**Task goal**
Within the entries below, please return exactly the lines from the one with "Cinnamon Mojave Mystic Pastel" through the one with "A portion of", leaving out any pictures.

+-------+

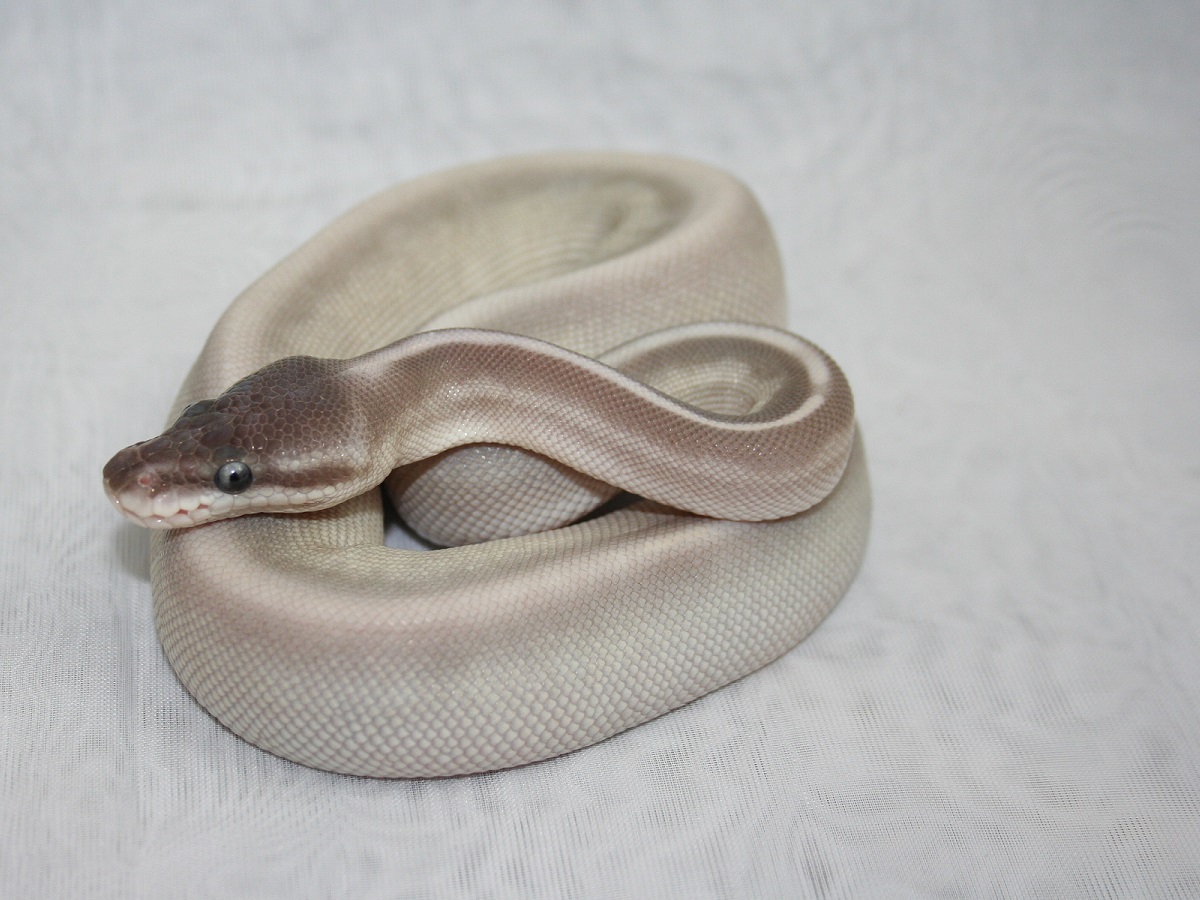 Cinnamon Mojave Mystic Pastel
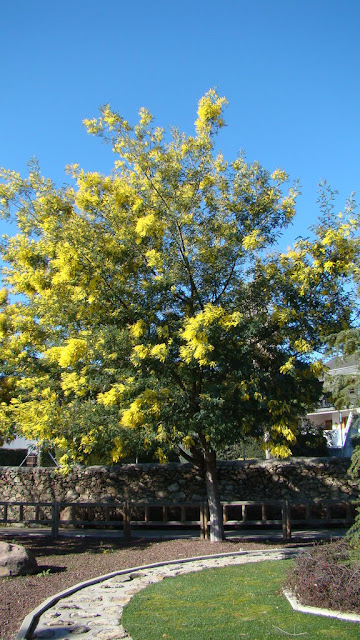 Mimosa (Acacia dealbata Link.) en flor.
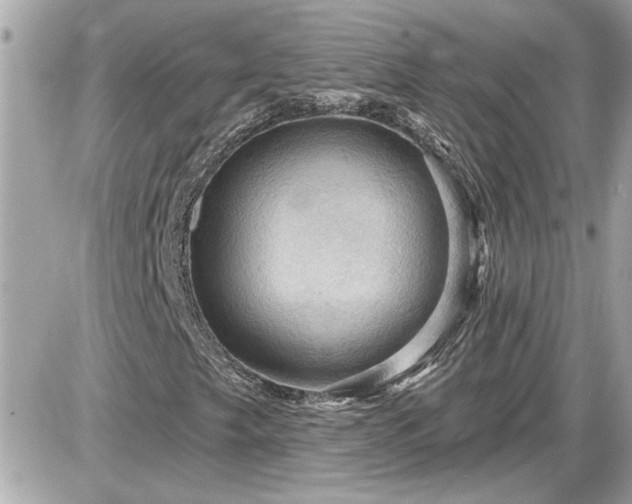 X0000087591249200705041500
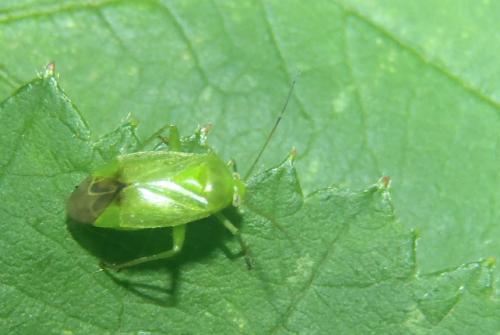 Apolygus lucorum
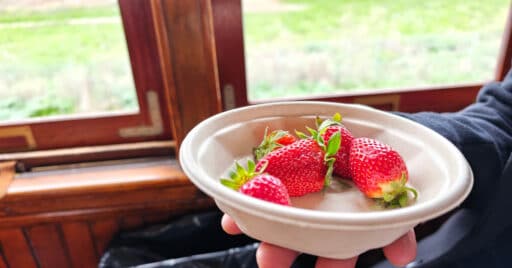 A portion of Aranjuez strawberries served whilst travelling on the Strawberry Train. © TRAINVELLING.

+-------+

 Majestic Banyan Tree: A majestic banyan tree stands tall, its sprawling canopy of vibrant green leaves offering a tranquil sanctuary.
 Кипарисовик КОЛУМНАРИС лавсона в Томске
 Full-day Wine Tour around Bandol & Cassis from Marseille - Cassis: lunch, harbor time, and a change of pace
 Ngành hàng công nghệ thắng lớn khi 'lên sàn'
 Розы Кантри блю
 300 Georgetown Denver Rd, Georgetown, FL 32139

+-------+

**Reply to the task**
 Cinnamon Mojave Mystic Pastel
 Mimosa (Acacia dealbata Link.) en flor.
 X0000087591249200705041500
 Apolygus lucorum
 A portion of Aranjuez strawberries served whilst travelling on the Strawberry Train. © TRAINVELLING.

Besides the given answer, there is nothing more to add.